_EXERCISE_. Your answer must be an exact repeat of the lines from the one containing "Gabriella Pomodoro Mozzarella" through the last line of the records, both included, with no pictures.

_THE DATA_.
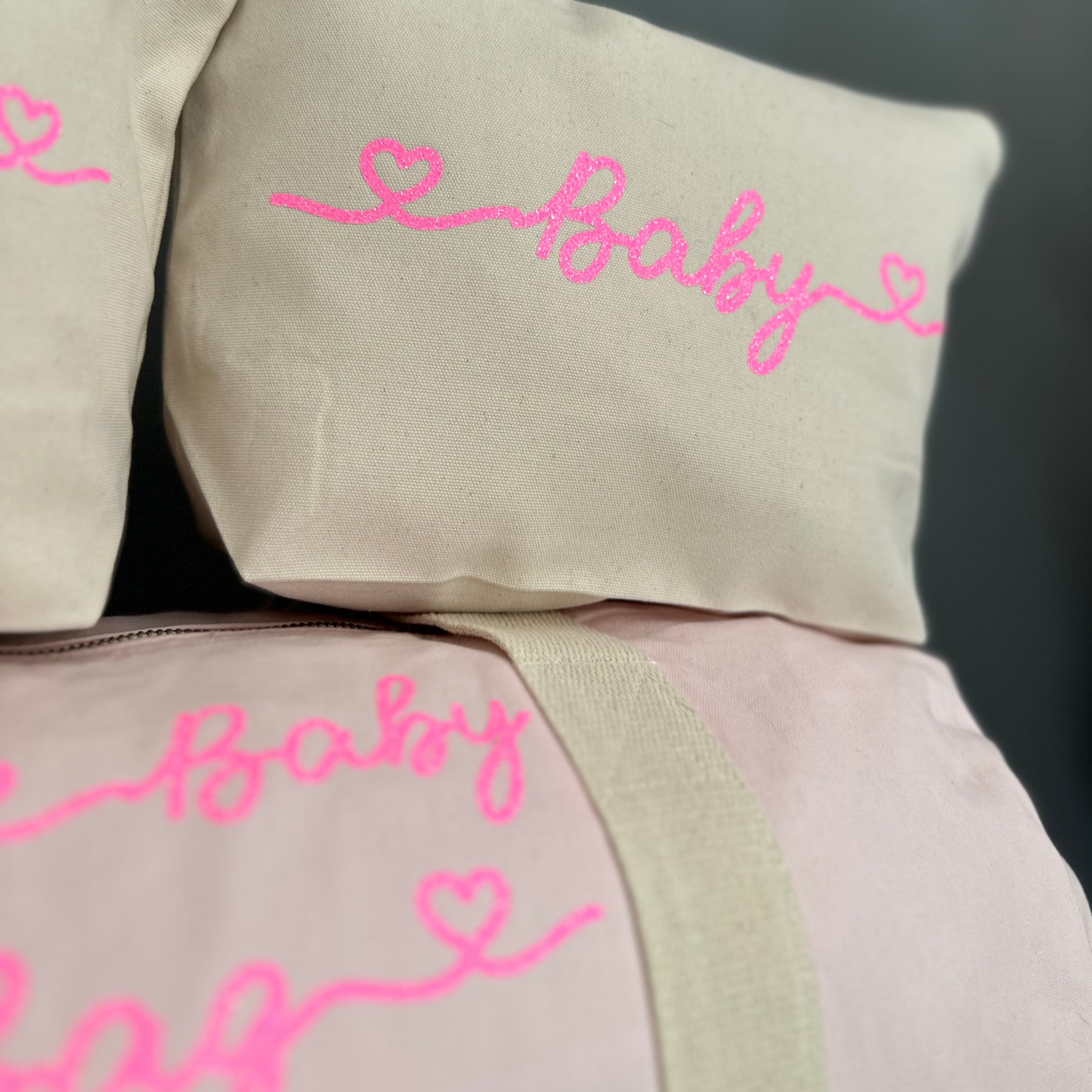 Borsone mamma, 1 borsone baby Rosa e 2 Pochette con cuoricini Barbie Glitter - Be Brave Boutique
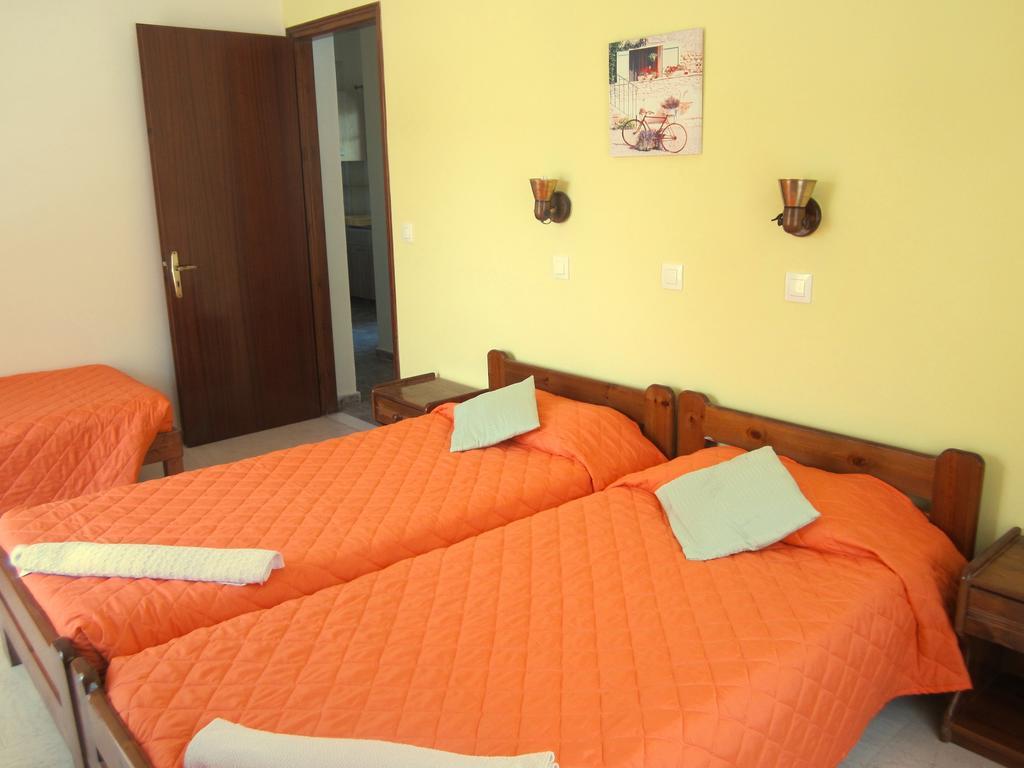 Peroulades  Varvara Studios & Apartments I المظهر الخارجي الصورة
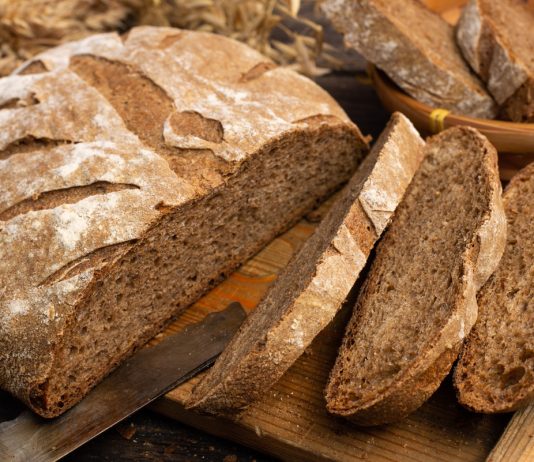 Ржаной хлеб на закваске с медом и тмином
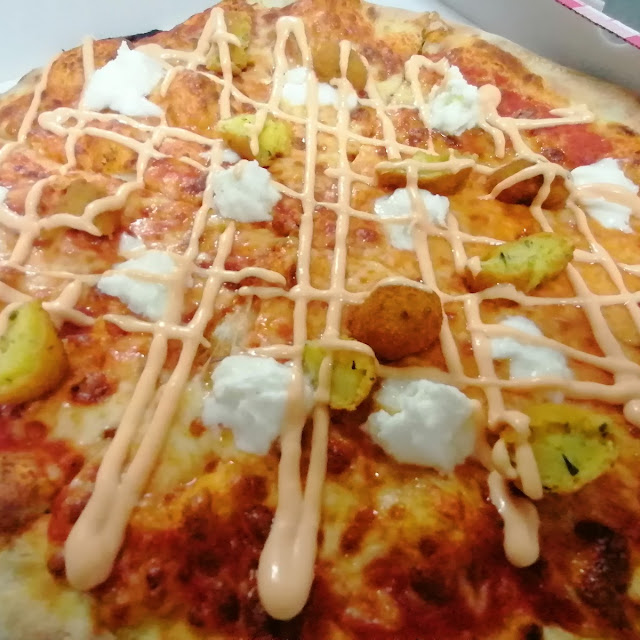 Gabriella Pomodoro Mozzarella Salsiccia Crocchette Di Patate Bufala E Salsa Rosa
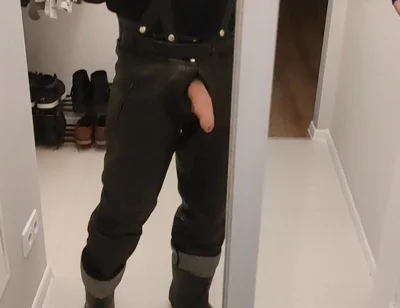 Gay Army Men Fuck. I'm in Rubber Boots and Leather Pants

_TASK OUTPUT_.
 Gabriella Pomodoro Mozzarella Salsiccia Crocchette Di Patate Bufala E Salsa Rosa
 Gay Army Men Fuck. I'm in Rubber Boots and Leather Pants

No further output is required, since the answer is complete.